_DATA SECTION_

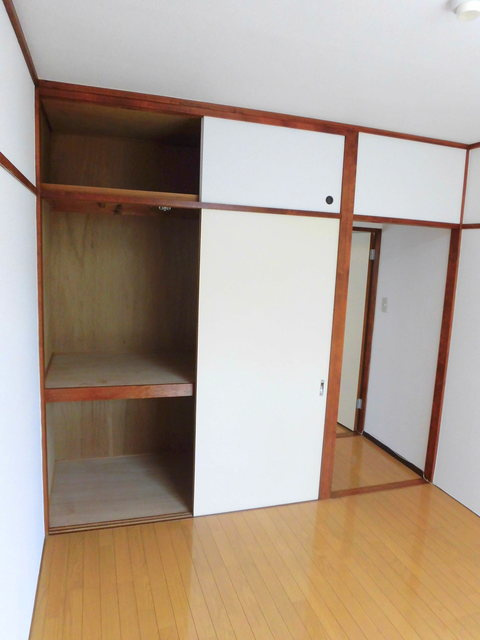 小山イレブンハイツの収納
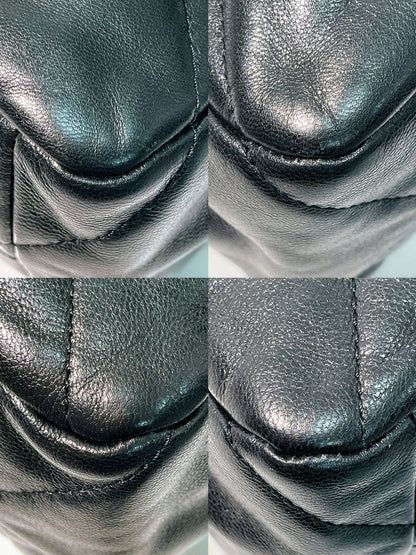 CHANEL 19 BAG, Black/Gold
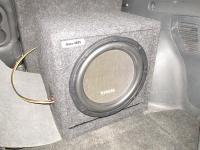 Установка сабвуфера Focal Access 25 A4 h-box vented в Toyota RAV4.3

_EXERCISE OBJECTIVE_
Without the pictures, write out all of the material exactly.

_ANSWER FOR THIS EXERCISE_
 小山イレブンハイツの収納
 CHANEL 19 BAG, Black/Gold
 Установка сабвуфера Focal Access 25 A4 h-box vented в Toyota RAV4.3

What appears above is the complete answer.